KENNEDY SPACE CENTER, Florida (FLYING) — The world’s most powerful rocket has made its way to the launchpad—with its sights set on the moon.
NASA’s Artemis I rocket, including its Space Launch System (SLS), was unveiled to the public Thursday, sitting atop the agency’s massive crawler transporter. Hundreds of space enthusiasts lined up near the Vehicle Assembly Building (VAB) at Kennedy Space Center to watch history slowly stroll down to Launch Complex 39B.
The SLS began its four-mile journey on Thursday evening. [Photo: Jeremy Kariuki]
Capt.

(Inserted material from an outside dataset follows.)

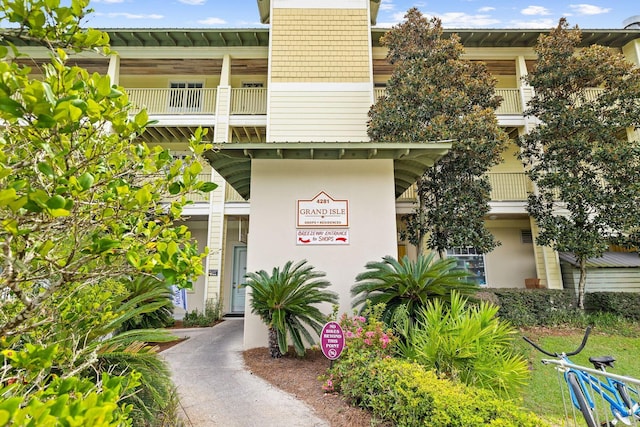 view of exterior entry with a balcony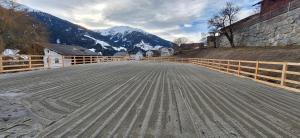 an empty road with a fence and mountains in the background at Reiterhof Romanasa Ferienwohnung in Fliess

Victor Glover, an Artemis astronaut, spoke with FLYING about the Orion spacecraft, which could take him to the moon.
“It’s got four seats, it’s got these three screens, lots of buttons, and some joysticks—it looks like the cockpit of a fighter aircraft or a really expensive gaming console, if you’re one of those really serious gamers,” he said. “Honestly, to the casual observer, it looks like an Apollo spacecraft.”
With his prior experience on the International Space Station, there’s a good chance that Glover could be selected as the first person of color to set foot on the lunar surface. FLYING asked the former naval pilot about what that meant to him.
“I actually try hard not to think about that,” he said. “Don’t get me wrong, it’s a dream of mine to walk and work on the surface of the moon, but as soon as I go further than that, and I start thinking about the details of that, you can start to build up these expectations.
“Right now, what I’m focused on is my job, working on the hardware to develop the Human Landing System, to support events like this, and then, to make sure that I’m healthy and technically ready, in case my boss does want to assign me to one of those missions…if that day does come, it would be truly amazing.”
Deputy general manager for Jacobs Space Operations, Bradley McCain, also spoke with FLYING about how it feels to be a part of such a historic mission.
“It’s very exciting. For me personally, I was 7 years old when man landed on the moon,” he said. “I grew up across the river here from Kennedy Space Center…Events like these matter, not only to me and the people who worked on the program, but to the folks that are watching from TV that can’t come out here today to watch these things. You don’t know who you stimulate to go into these STEM sciences.”
Jacobs Space Operations Group is the prime contractor for NASA’s Exploration Ground Systems Program at Kennedy Space Center—which includes integration, testing, launches, and recoveries of launch systems.
Jacobs is responsible for several upgrades to the crawler transporter, which stands 580 feet tall and weighs over 6 million pounds without a payload.
The rollout to the launch complex is a very tedious process, where the crawler can only move about one mile per hour, in order to minimize vibrations that could damage the rocket. The journey from the VAB to Launch Complex 39B took several hours for the SLS, and every inch toward its destination is just as nerve-wracking as the last.
“The crawler has been tested many times,” McCain said. “You’re nervous, only in that, it’s the first time. We’re confident that it can do its job.”